**HOW TO COMPLETE THIS TASK**
Your task is to repeat the entries word for word while leaving out the pictures.

**DATA TO PROCESS**
Start of Block
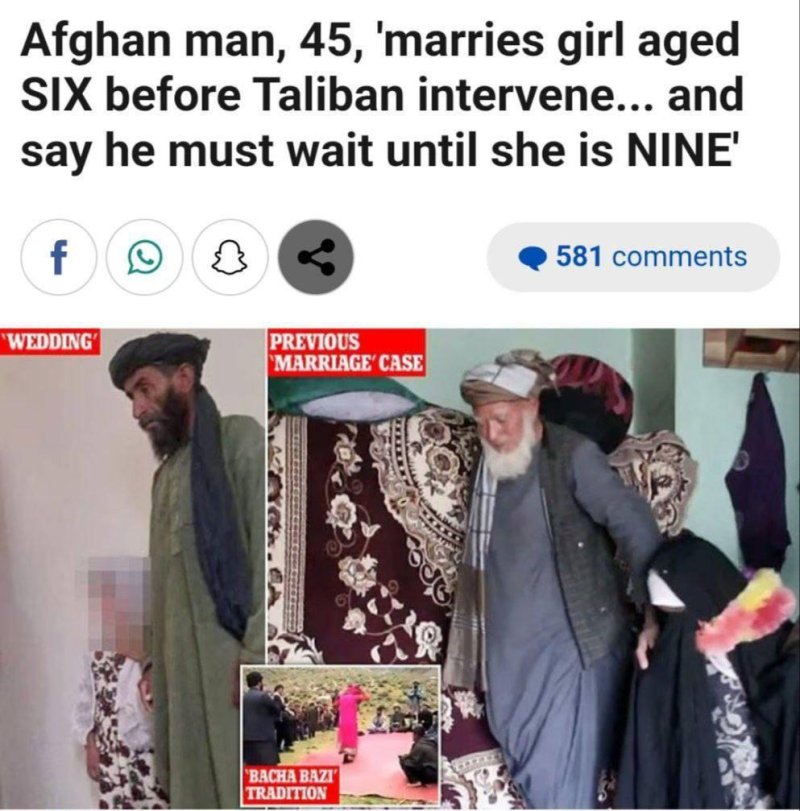 Afghan taliban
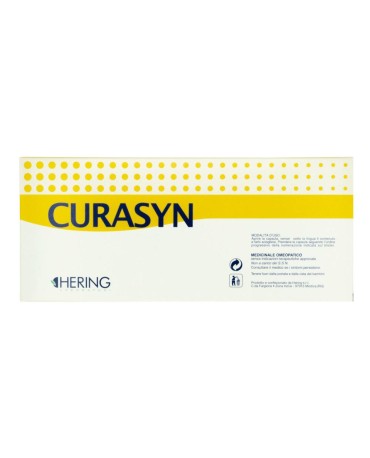 CURASYN 111 30CPS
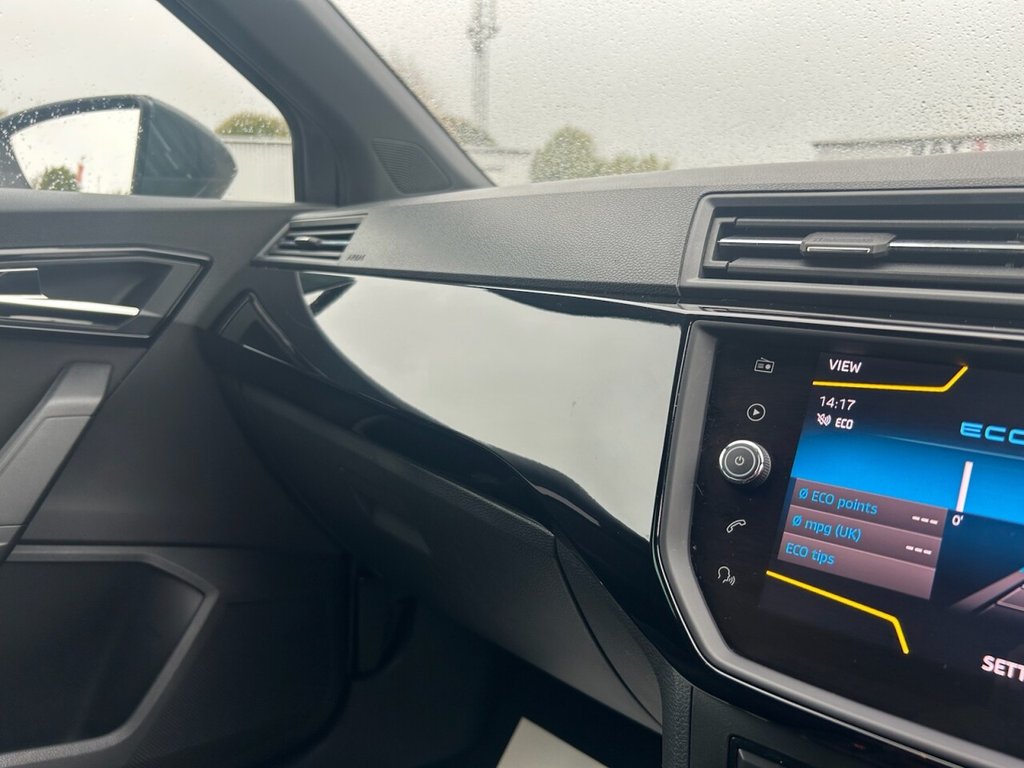 Used SEAT Ibiza 2017 for sale - 76210511: Photo 39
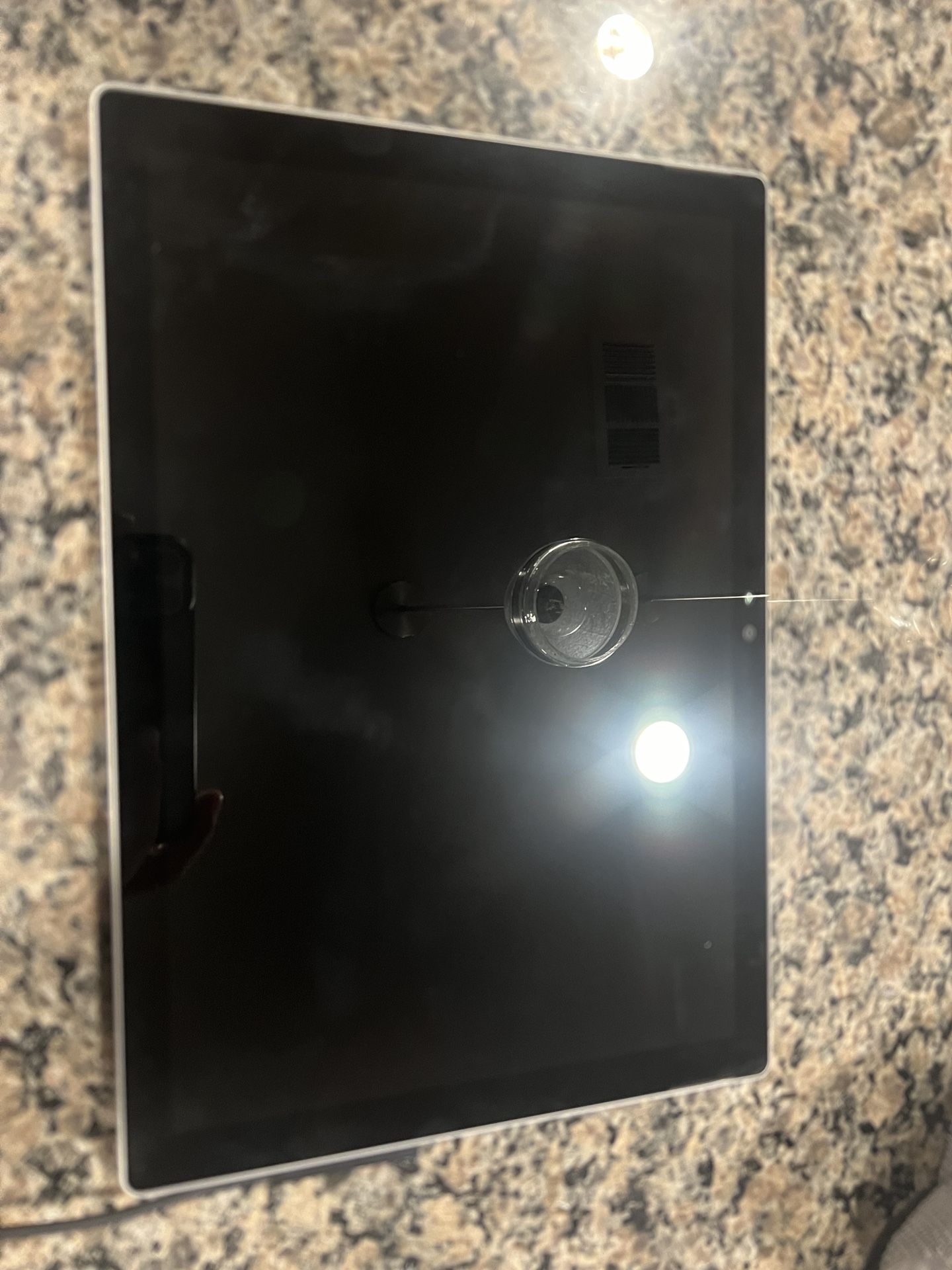 Microsoft Surface Pro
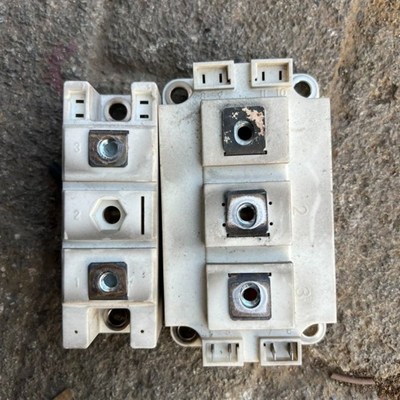 SKM400GB126D西门康IGBT模块功率模块,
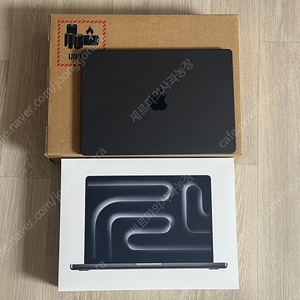 맥북프로14 m4pro MX2H3KH/A 24GB/512GB 판매합니다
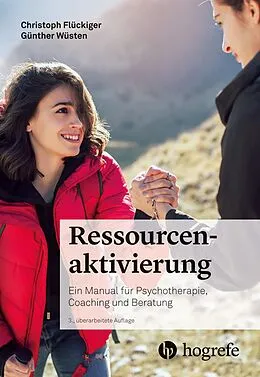 E-Book (pdf) Ressourcenaktivierung von Christoph Flückiger, Günther Wüsten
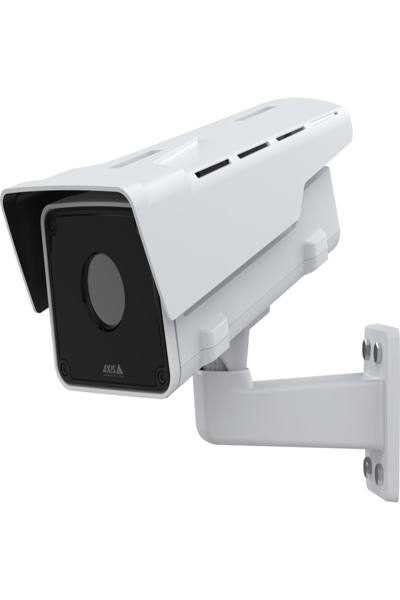 Axis 02652-001 IP security camera Indoor Wired ARTPEC-8 Simplified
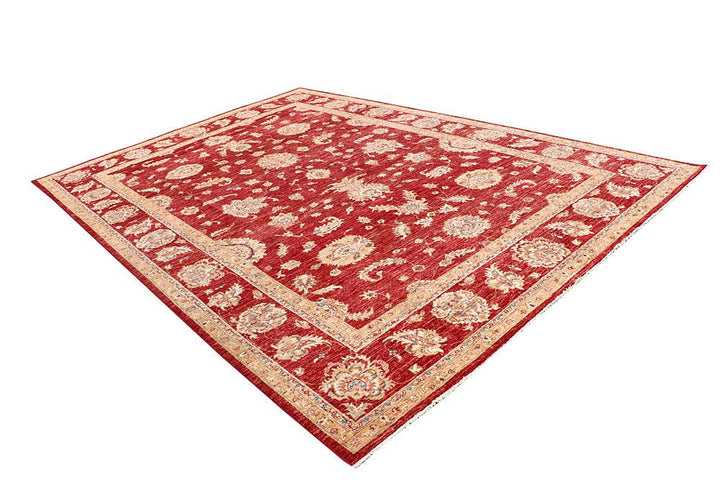 Ziegler 8' 4 x 11' 11 - No. 61301 - ALRUG Rug Store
End of Block
**COMPLETED EXERCISE**
 Afghan taliban
 CURASYN 111 30CPS
 Used SEAT Ibiza 2017 for sale - 76210511: Photo 39
 Microsoft Surface Pro
 SKM400GB126D西门康IGBT模块功率模块,
 맥북프로14 m4pro MX2H3KH/A 24GB/512GB 판매합니다
 E-Book (pdf) Ressourcenaktivierung von Christoph Flückiger, Günther Wüsten
 Axis 02652-001 IP security camera Indoor Wired ARTPEC-8 Simplified
 Ziegler 8' 4 x 11' 11 - No. 61301 - ALRUG Rug Store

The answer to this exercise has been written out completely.